WHAT THIS TASK INVOLVES: A word-for-word copy of the listing is what's needed; leave out every image.

INFORMATION PROVIDED:
====================
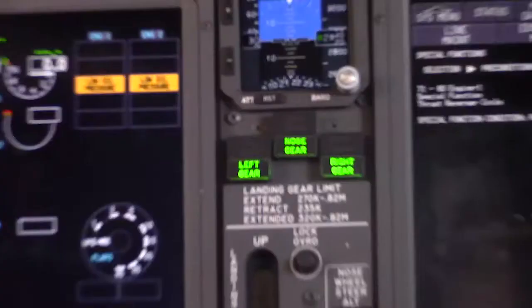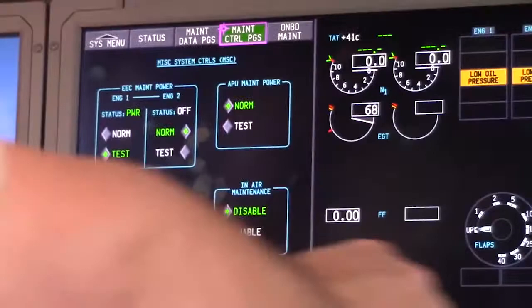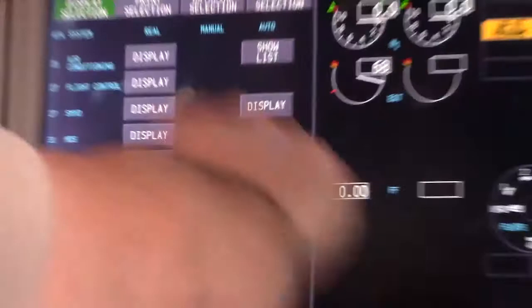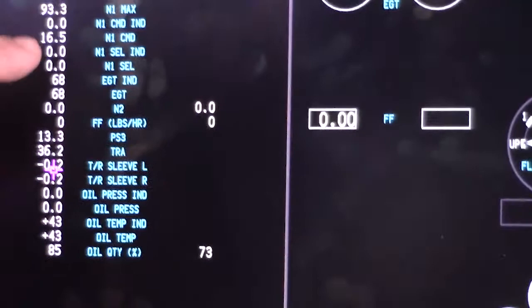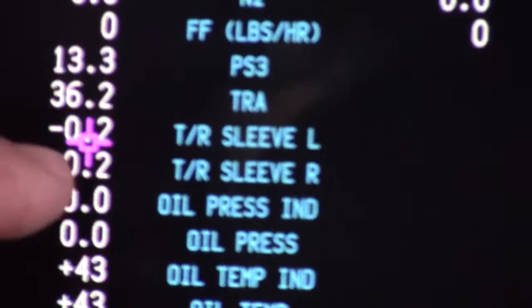On this display over here, we're going to go to the maintenance data page so we can watch the deployment of our reverser. So I'm going to go to the maintenance data page, display selection, and come down to performance. Here we see our thrust reverser position — right now it's 0.2, which is closed.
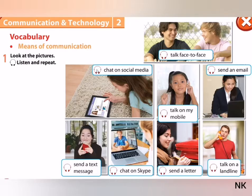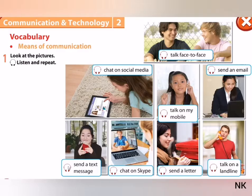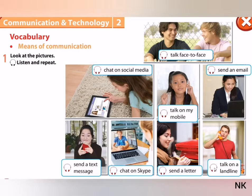Chat on social media. Talk on my mobile. Send an email. Send a text message. Chat on Skype. Send a letter. Talk on a landline.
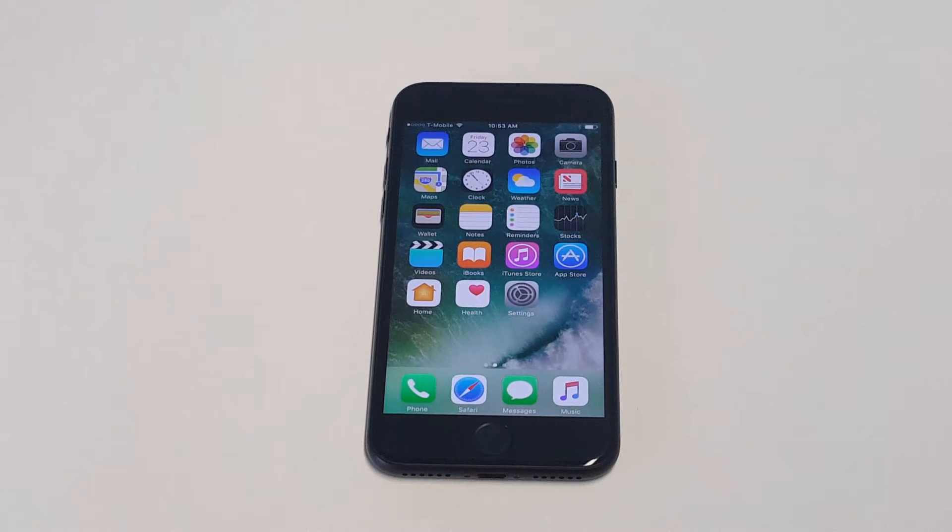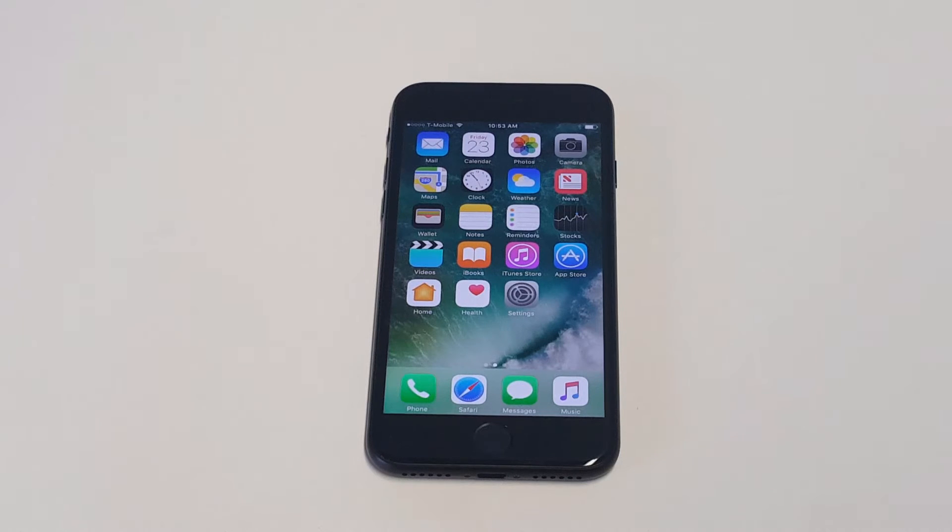What's up you guys at AFLIPtronics. I'm going to be showing you guys how to cancel a subscription on your iPhone 7 or iPhone 7 Plus.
====================
ANSWER BOX:
On this display over here, we're going to go to the maintenance data page so we can watch the deployment of our reverser. So I'm going to go to the maintenance data page, display selection, and come down to performance. Here we see our thrust reverser position — right now it's 0.2, which is closed.
Chat on social media. Talk on my mobile. Send an email. Send a text message. Chat on Skype. Send a letter. Talk on a landline.
What's up you guys at AFLIPtronics. I'm going to be showing you guys how to cancel a subscription on your iPhone 7 or iPhone 7 Plus.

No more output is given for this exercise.